To see Happy Dashain Part I click HERE

American Kantipur 2: Money and Dashain

Over the past week or so, while talking to family back in Nepal and wishing “Happy Dashain” we kept hearing about the Nepali currency shortage. As part of the holiday, many families (such as P and U) send money home, and families are unable to retrieve the electronic cash transfers due to lack of bank notes. So when I read the news this morning, I thought I’d share:

(you can read the article in its original format on the BBC)


The authorities in Nepal say they will introduce measures to alleviate a shortage of bank notes in the country.

Lining up for cash

Nepalis have been queuing at ATMs in hope of getting cash.

As a result of the shortage, banks have limited how much cash they dispense and some businesses have been unable to pay employees and suppliers.

The finance ministry says it will introduce old but flawed bank notes that were printed but never circulated.

The crisis threatens to disrupt the country as it celebrates its biggest annual festival, Dashain.

Increased demand for rupees during the religious festival has exacerbated the shortage.

Long queues were seen at ATMs across the capital.

The BBC’s Joanna Jolly in Kathmandu says that although credit cards are readily available, most Nepalis rely on cash for everyday purchases.

Bank governors blame the crisis on a late consignment of new bank notes from France.

The French company contracted to print Nepalese rupee notes is two months late in delivering most of them, the Associated Press news agency reports.

The government has also said that it plans to airlift some of the late consignment to Nepal.

The finance ministry has formed a committee to investigate why the shortage happened, our correspondent says.

Many commentators suggest poor financial management since the end of Nepal’s 10-year civil conflict has contributed to the shortfall.

Dashain is a 15-day Hindu festival marking the triumph of good over evil.
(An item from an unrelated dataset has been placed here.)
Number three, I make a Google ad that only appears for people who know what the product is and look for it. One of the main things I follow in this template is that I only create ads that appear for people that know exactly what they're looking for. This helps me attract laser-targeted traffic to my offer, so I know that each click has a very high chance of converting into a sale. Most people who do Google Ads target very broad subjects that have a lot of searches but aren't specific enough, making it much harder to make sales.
During the annual festival Nepalis return to their home villages with gifts and foods for relatives.

Happy Dashain Part I

P: “Dashain started on Saturday.”

Red tikka paste and jamara (barley grass) pictured in a Dashain e-card

Red tikka paste and jamara (barley grass) pictured in a Dashain e-card

Non-Nepali friend: “Oh, is that the Diwali festival? With all the lights?”

P: “No, Diwali is a different festival called Tihar in Nepal. Dashain is before Tihar and it’s kind of like a Nepali Thanksgiving. It is supposed to be religious, but now it seems to be more about families getting together, communities reconnecting, and eating lots of food. But our Thanksgiving lasts for 10-15 days.”
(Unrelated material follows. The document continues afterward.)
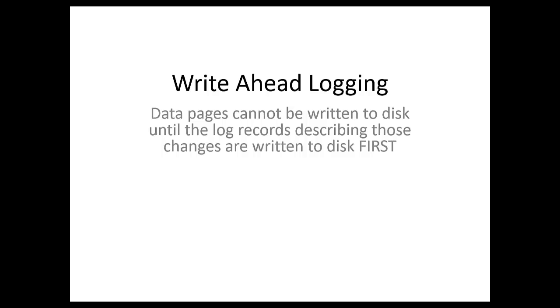In this video I want to take a look at the write-ahead logging mechanism in SQL Server. This is a good definition of write-ahead logging: the data pages cannot be written to disk until the log records describing those changes are written to disk first.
R-dai gives me tikka during my first Dashain

R-dai gives me tikka during my first Dashain

Every year I learn something new about these important Nepali festivals. I guess it is the same way a little kid learns about their own culture, they go through the same act year after year, but sometimes they learn different pieces of it, or  they understand more of it, or a different part of the ritual is revealed to them. I’m just learning the different pieces of this adopted culture as an adult. I don’t claim to be an expert, its definitely a process…

In college the South Asian community—largely Nepali, but also Indian, Sri Lankan, Pakistani and Bangladeshi—organized the Diwali festival for the entire campus each year. They used to deck the campus chapel out in hundreds of tea lights, and spend the weekend cooking large aluminum trays full of  food. The students dressed in South Asian attire and spent an hour or so explaining different aspects of the festival to the audience, demonstrating mantras, singing songs and performing dances. The evening ended with a distribution of tikkas and dinner. What I learned later on was that there were several festivals happening within a few months of each other, but I’m sure it was easier for the students to roll all the various holidays into one big party, and choose one of the more widely known festivals to celebrate. It was probably complicated enough to explain one festival anyway.

P and I get tikka the second year

P and I receiving tikka from R-dai and M-dai the second year

After college, P and I lived in central New York for a while, but I wasn’t around a lot since my job required me to travel. There was an older Nepali community, and they got together to celebrate Dashain and Tihar, but I didn’t really know what was going on, and wasn’t really around for them.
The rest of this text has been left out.